One of the key challenges to web scraping is ensuring your data remains consistent and your scraper stays operational in an ever-changing web. This challenge is no less true for building a web scraper with Scrapy.
Monitoring scrapers is one of the solutions we have for staying ahead of potential disruptions to our data scraping tools. This approach becomes particularly necessary when managing multiple scrapers to maintain their effectiveness and data accuracy. But how can we go about monitoring our Scrapy spiders efficiently?
That's where Spidermon comes in – it's a monitoring and testing suite specifically designed for Scrapy spiders and developed by the Scrapy team themselves.

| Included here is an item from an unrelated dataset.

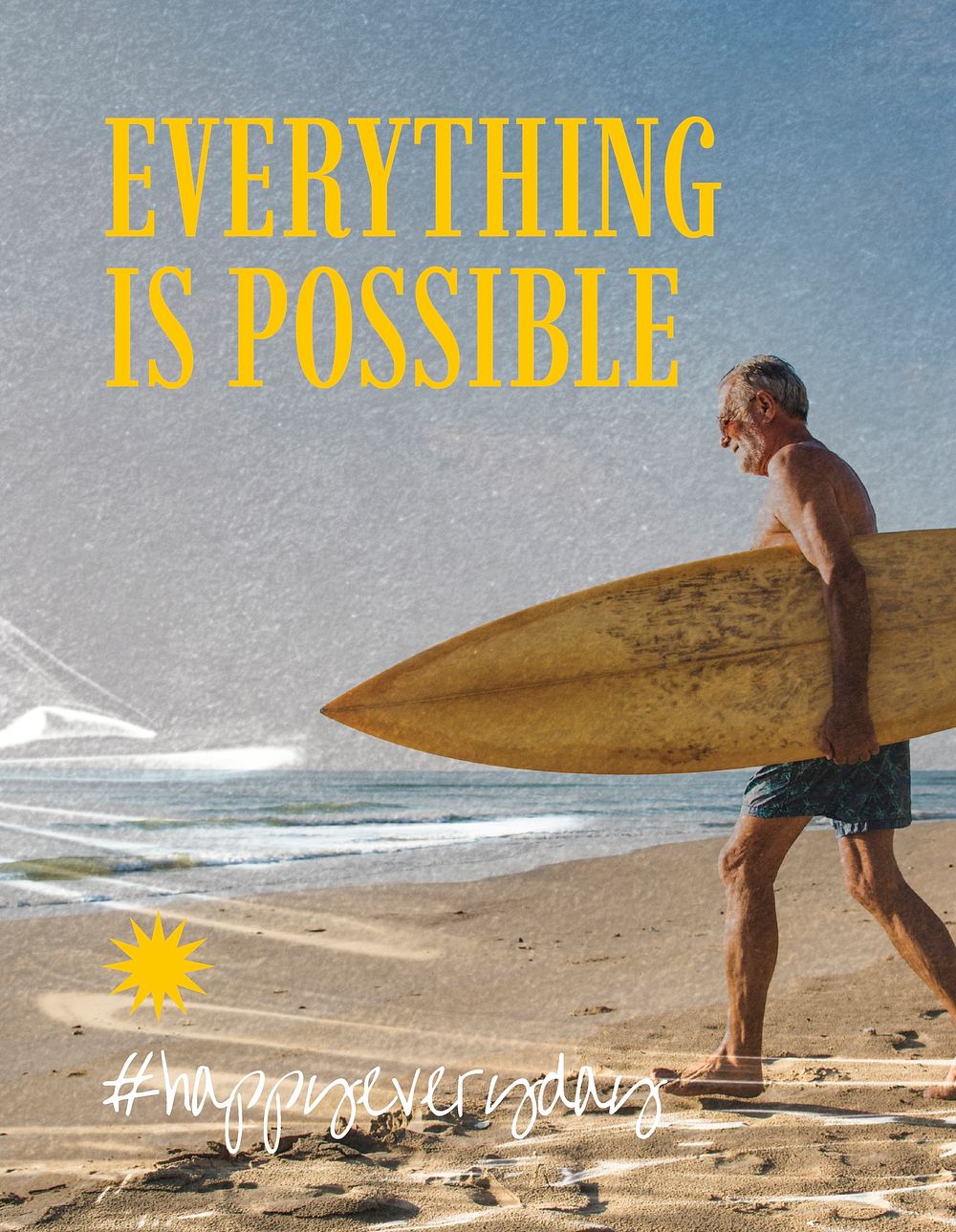 Everything is possible flyer template, Summer aesthetic vector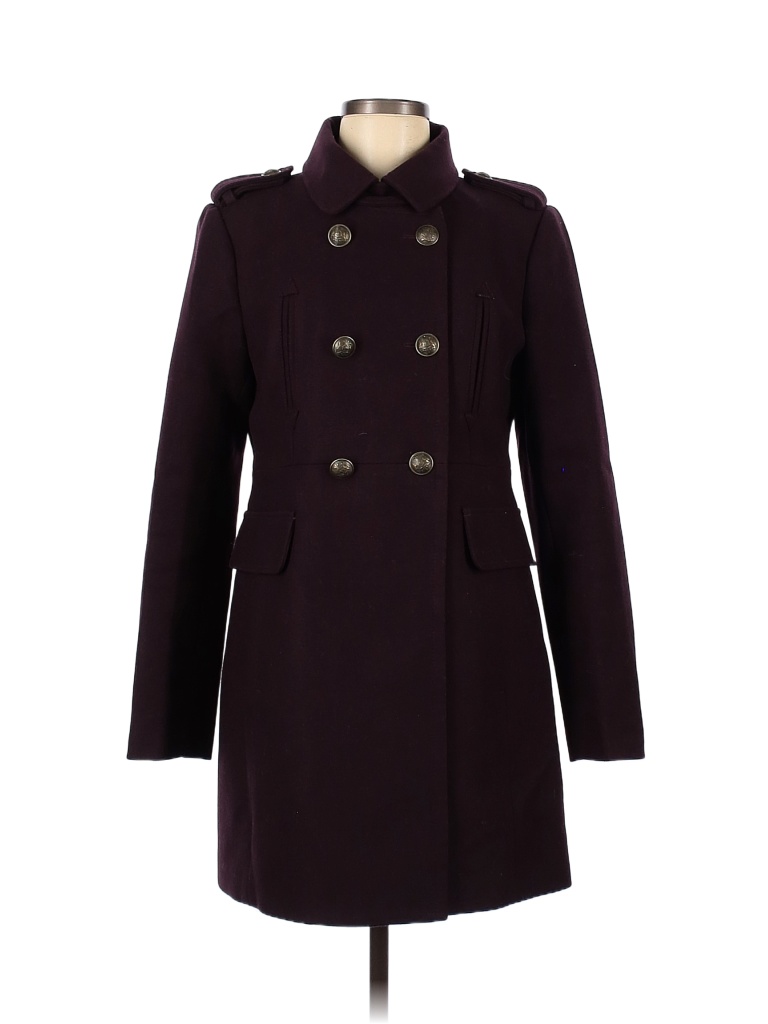 Ann Taylor Solid Burgundy Wool Coat Size 6 - 78% off | thredUP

In this Scrapy tutorial, we'll show you how to use Spidermon to keep a close eye on your spiders. We'll also cover how to deploy your spiders on the Apify platform (in the cloud) so you can take advantage of its monitoring and auto-scaling features to ensure your scraping projects run smoothly.
Setting up a Scrapy project with the Spidermon integration
For those already familiar with Scrapy and who've dabbled with Scrapy middleware, integrating Spidermon into your existing projects is quite straightforward.
1. Creating a Scrapy spider
First, let’s create a Scrapy project. Our example will scrape posts from news.ycombinator.com.
We'll be using an existing Scrapy crawl spider for scraping Hacker News. You can read a detailed guide on how to build this spider in my previous article, Web Scraping with Scrapy 101 - Building a Hacker News Scraper using the CrawlSpider. To make things easier, I've included the full code below so you can follow along and try it on your own.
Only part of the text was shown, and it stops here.